The administration had planned on slapping a 10 percent tariff — that is, an import tax — on $300 billion of Chinese goods starting on Sept. 1, 2019.

But now, the administration has backed down, as explained in a United States Trade Representative press release:

Certain products are being removed from the tariff list based on health, safety, national security and other factors and will not face additional tariffs of 10 percent.

Further, as part of USTR’s public comment and hearing process, it was determined that the tariff should be delayed to December 15 for certain articles.  Products in this group include, for example, cell phones, laptop computers, video game consoles, certain toys, computer monitors, and certain items of footwear and clothing.
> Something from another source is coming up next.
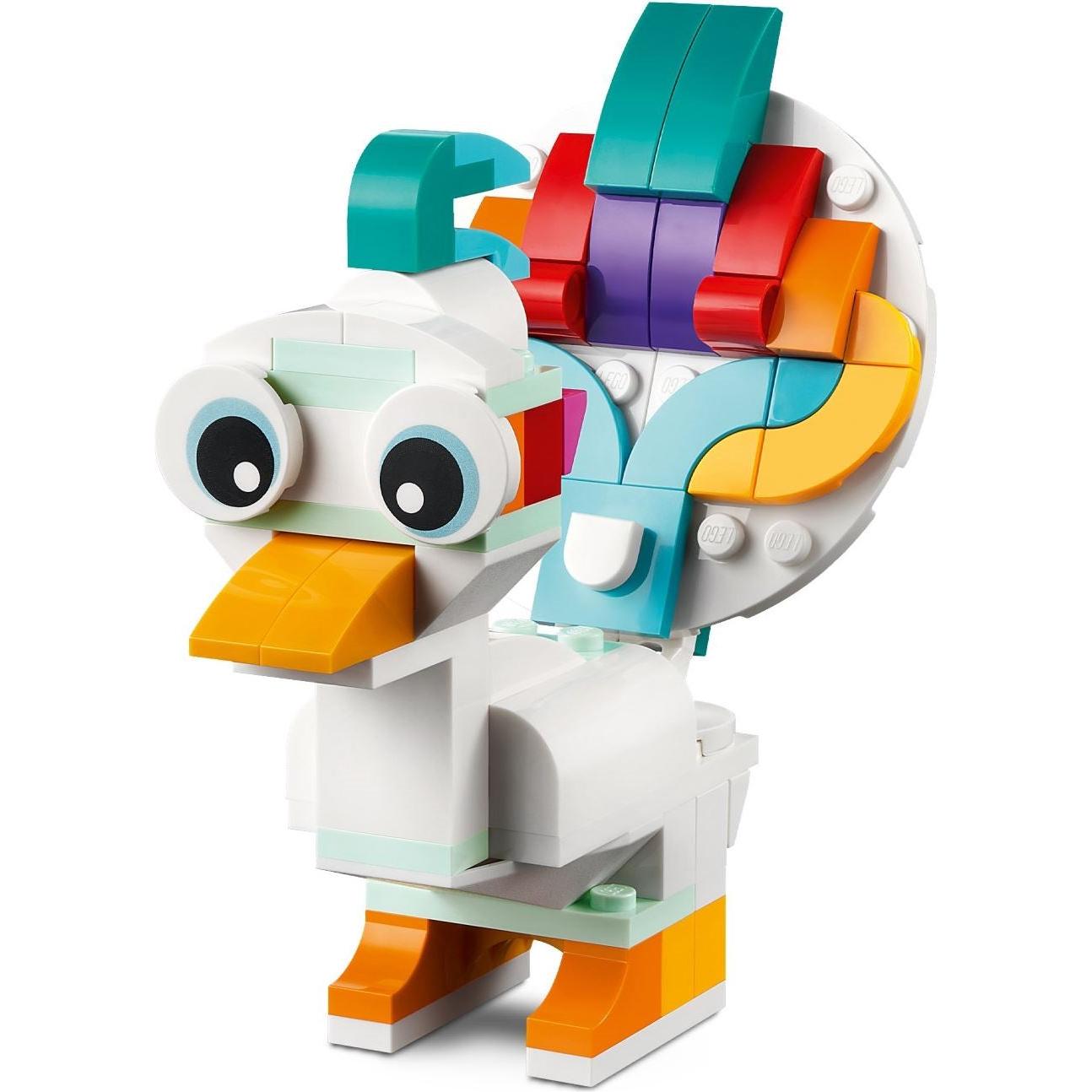 Magical Unicorn | Creator | 31140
Why would all this awesome stuff be exempt from the tariff until Dec. 15? The administration didn’t explicitly say its press release, but many observers pointed out the obvious: The new date would significantly limit the effect of the tariffs on the costs of consumer goods during the Christmas shopping season.

Trump confirmed that reading in comments to the press.

“What we’ve done is we’ve delayed it so they won’t be relevant in the Christmas shopping season,” Trump said Tuesday. “Just in case they might have an impact on people.”

Some tariffs will still go into effect on Sept. 1, mostly on agricultural goods.

But the reason for delaying the consumer product tariffs, of course, undercuts frequent lie about his tariffs, that China pays for them and not the U.S. Trump has often suggested that tariffs are not just a good negotiating tactic, but good in themselves — that they boost the U.S. economy. It also undercuts Trump’s headstrong strategy that he can announce an aggressive round of tariffs and then start to roll them back within less than two weeks. He’s floundering without a clear objective.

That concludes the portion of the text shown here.